The paper tackles the challenge of evaluating hallucination in text-to-image diffusion models by introducing a scene-graph based question-answering framework that leverages an image-derived knowledge graph and a large language model. It builds a 12,000-image dataset with human scores using three diffusion models and complex prompts to enable robust evaluation. The method detects content discrepancies at object, attribute, and relation levels, categorizes hallucinations, and provides a unified score via GraphQA and a rule-based module, showing stronger alignment with human judgments than existing metrics. This approach advances interpretable, automatic evaluation for T2I systems and offers practical insight into the sources of hallucination to guide model improvements.

Abstract

Contemporary Text-to-Image (T2I) models frequently depend on qualitative human evaluations to assess the consistency between synthesized images and the text prompts. There is a demand for quantitative and automatic evaluation tools, given that human evaluation lacks reproducibility. We believe that an effective T2I evaluation metric should accomplish the following: detect instances where the generated images do not align with the textual prompts, a discrepancy we define as the `hallucination problem' in T2I tasks; record the types and frequency of hallucination issues, aiding users in understanding the causes of errors; and provide a comprehensive and intuitive scoring that close to human standard.

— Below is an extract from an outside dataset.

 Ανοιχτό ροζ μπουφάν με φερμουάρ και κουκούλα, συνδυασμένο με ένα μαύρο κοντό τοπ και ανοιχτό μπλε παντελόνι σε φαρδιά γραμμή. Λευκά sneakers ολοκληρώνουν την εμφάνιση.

To achieve these objectives, we propose a method based on large language models (LLMs) for conducting question-answering with an extracted scene-graph and created a dataset with human-rated scores for generated images. From the methodology perspective, we combine knowledge-enhanced question-answering tasks with image evaluation tasks, making the evaluation metrics more controllable and easier to interpret. For the contribution on the dataset side, we generated 12,000 synthesized images based on 1,000 composited prompts using three advanced T2I models. Subsequently, we conduct human scoring on all synthesized images and prompt pairs to validate the accuracy and effectiveness of our method as an evaluation metric. All generated images and the human-labeled scores will be made publicly available in the future to facilitate ongoing research on this crucial issue. Extensive experiments show that our method aligns more closely with human scoring patterns than other evaluation metrics.

Paper Structure

This paper contains 20 sections, 1 equation, 2 figures, 3 tables.

Figures (2)

  • Figure 1: The complete framework for the text-to-image (T2I) generation to evaluation process is as follows: (a) First, we generate images from the textual prompts; (b) Then, we extract entities from these images and construct a knowledge graph; (c) Subsequently, we generate template questions based on the textual prompts and perform GraphQA using the constructed knowledge graph. Finally, we score the answers to obtain the final evaluation score.
  • Figure 2: Qualitative Evaluation: We select several hallucinated images not aligned with the prompts for each generative models. Each column indicate a specific type of hallucination issue. The last column are the images that totally off-topic to the prompts.